Overview and update on Corban v USAA

Marilyn Haverty, whose house in Waveland, Miss., was buffeted by wind and surging water in Hurricane Katrina, thought her homeowner’s insurance would cover at least the wind damage. But it never paid her a penny…

The insurance companies say they paid for damage to homes in areas where there was no flooding. Where there was flooding, they say, they paid for damage that could have come only from wind, like the loss of a roof and broken upper-story windows — above the highest marks left by flood waters. But they have generally refused to pay for damage to houses, or parts of houses, that were hit by both wind and flood water…

From the NYT’s August 2006 Small Clause, Big Problem, fast forward (or slow forward, as it turned out to be) to  Spring 2008 and Sop’s three posts on Corban v USAA – The Absurdity of Judge Jones’ Reasoning Manifested (April 18); Corban v USAA Makes the News (May 13); and, The State Supreme Court Agrees to Hear Corban (May 20).

Sop used Anita Lee’s story in the Sun Herald for background in his April post and it’s well worth repeating.

The Mississippi Supreme Court is being asked to decide whether Katrina’s wind damage is covered when tidal surge contributes to the loss.

Attorneys filed the appeal Thursday in Corban vs. USAA Insurance Agency. USAA covered only $39,972 of damage to the Long Beach home of Magruder S. and Margaret Corban, whose policy exceeded $1 million in total coverage. Their home near the waterfront was a near-total loss, although portions remained standing.

The insurance agency cited policy language, called an “anti-concurrent cause clause,” that is interpreted to say wind damage is not covered when excluded tidal surge contributes “concurrently or in any sequence to the loss.”

In denying coverage, the insurance agency cited policy language, called an “anti-concurrent cause clause,” that says water is excluded from coverage “regardless of any other cause or event contributing concurrently or in any sequence to the loss.” The homeowners maintain wind damage that occurred hours before the tide surged ashore should be covered.

The Fifth U.S. Circuit Court of Appeals has upheld anti-concurrent language in Nationwide and State Farm policies, based on how the appellate court believes the state Supreme Court would rule.
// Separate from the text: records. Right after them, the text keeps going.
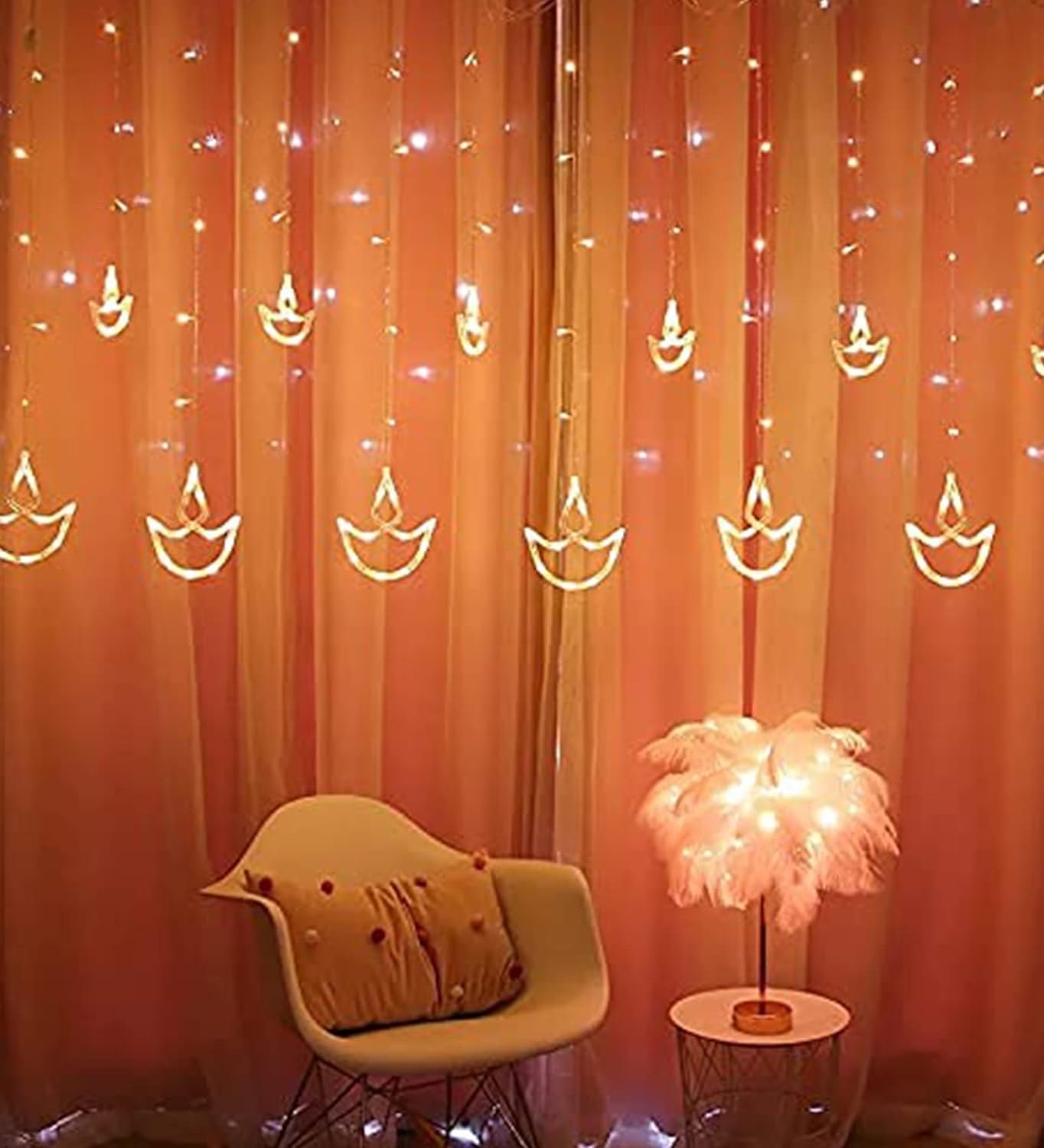 Decorative Diya Diwali Light Curtain, String Lights with 12 Hanging Diyas, 8 Flashing Modes - 2.5 Meter (1 Curtain) 138 LED, Diwali Decorative Light, Decorative Curtain LED Light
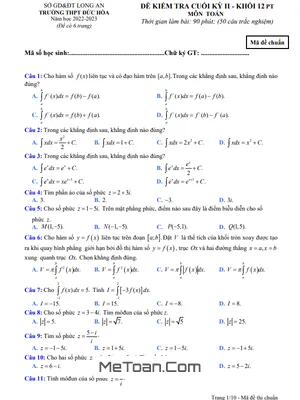 Đề thi cuối kỳ 2 Toán 12 năm 2022 - 2023 trường THPT Đức Hòa - Long An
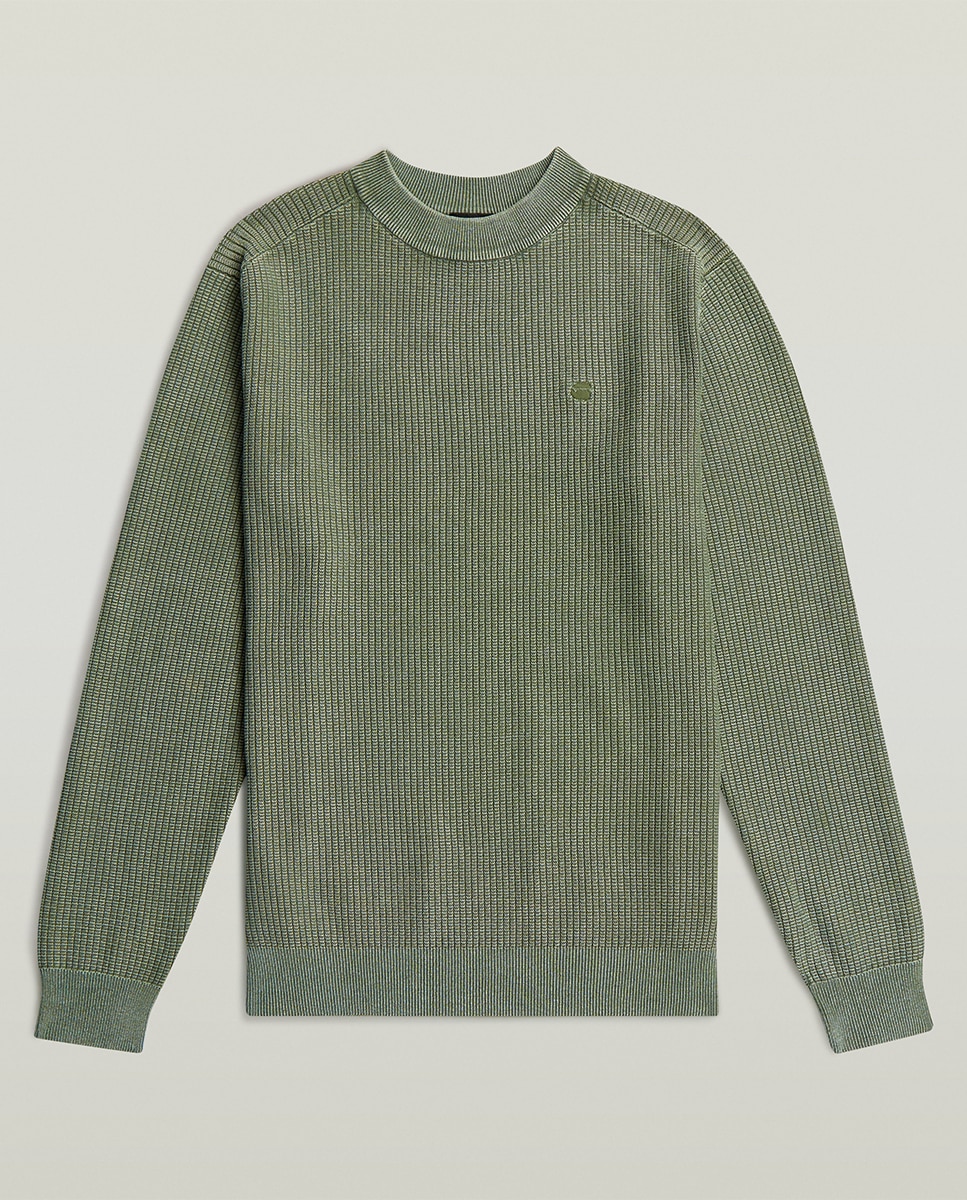 Camisola de Malha Regular com Efeito de Lavagem Verde-6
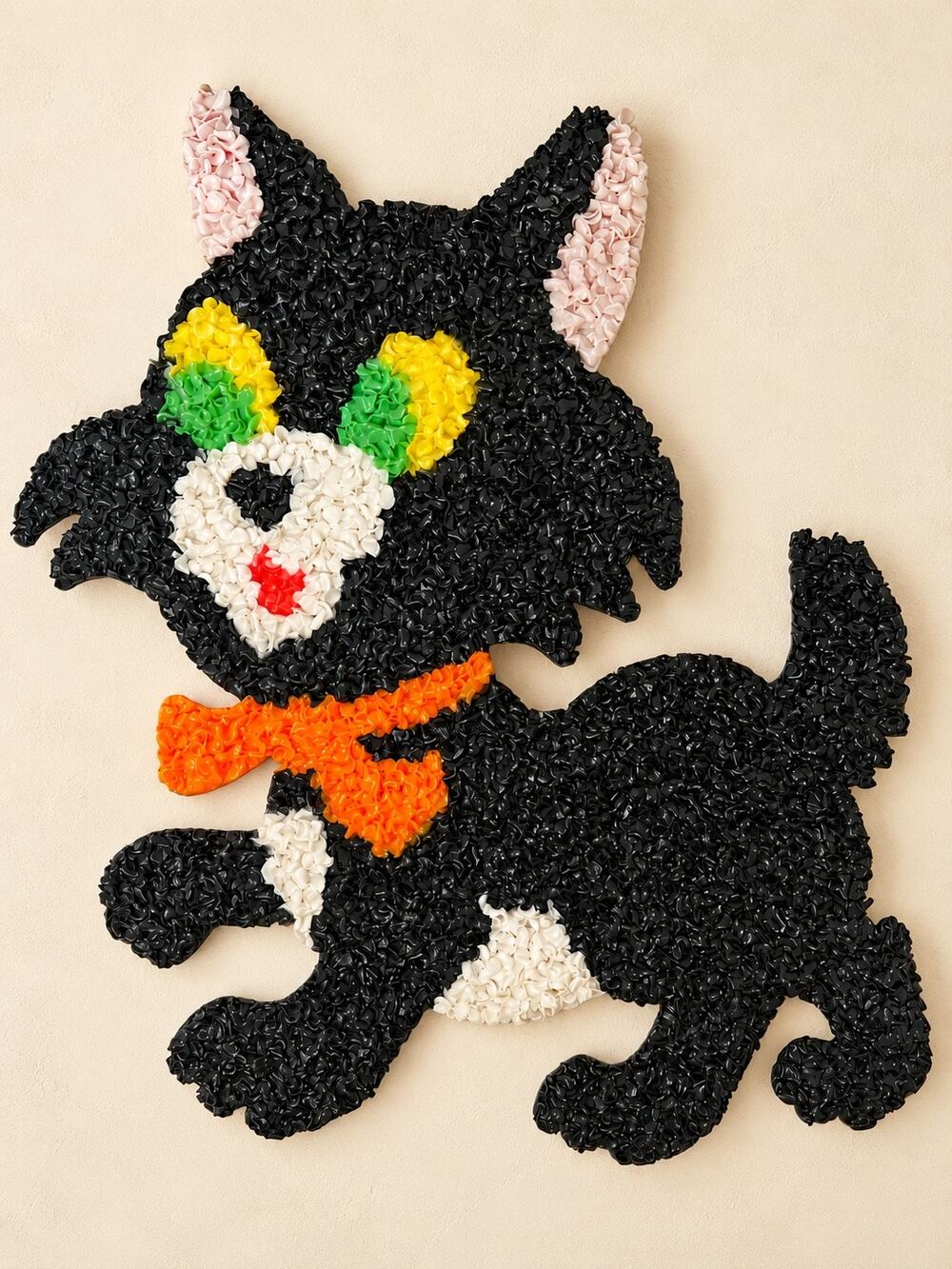 Vintage Kage Black Cat Melted Popcorn Plastic Halloween Wall Decor 1970s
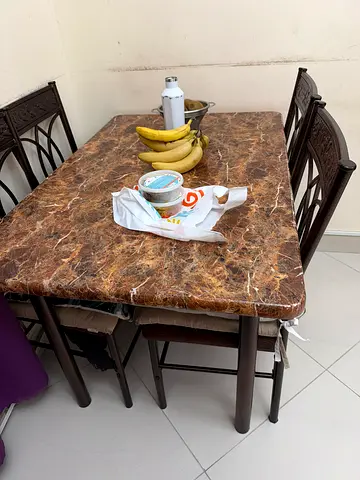 Wooden Dining Table with Marble-Pattern Top and 4 Chairs - Good Condition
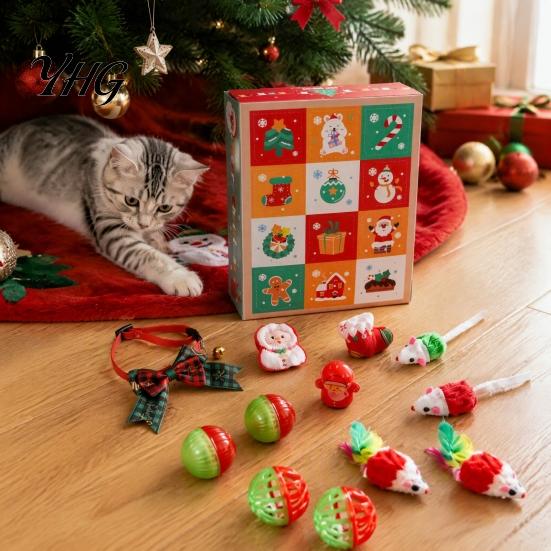 Holiday Pet Gift Box Christmas Cat Advent Calendar 2026, 12 Days Toys Set Countdown Enrichment with Interactive Mice, Balls, Plush Toys, Gifts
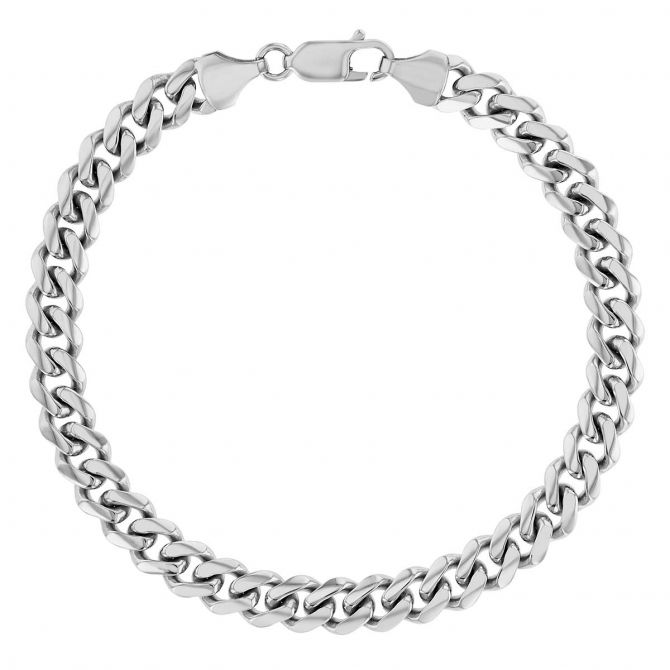 Men's Sterling Silver 7.3 mm Curb Link Chain Bracelet, 8.5"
Because insurance contracts are governed by states, the state Supreme Court has authority over how the contract is interpreted.

“The court finds that such review will resolve issues of general importance in the administration of justice relative to critical legal issues present in Hurricane Katrina litigation,” Circuit Court Judge Lisa Dodson wrote in approving the appeal, which will be decided before the case proceeds.

Attorneys Judy Guice and Richard T. “Flip” Phillips, and the law firm of Corban, Gunn & Van Cleave, filed the lawsuit and appeal on behalf of the policyholders.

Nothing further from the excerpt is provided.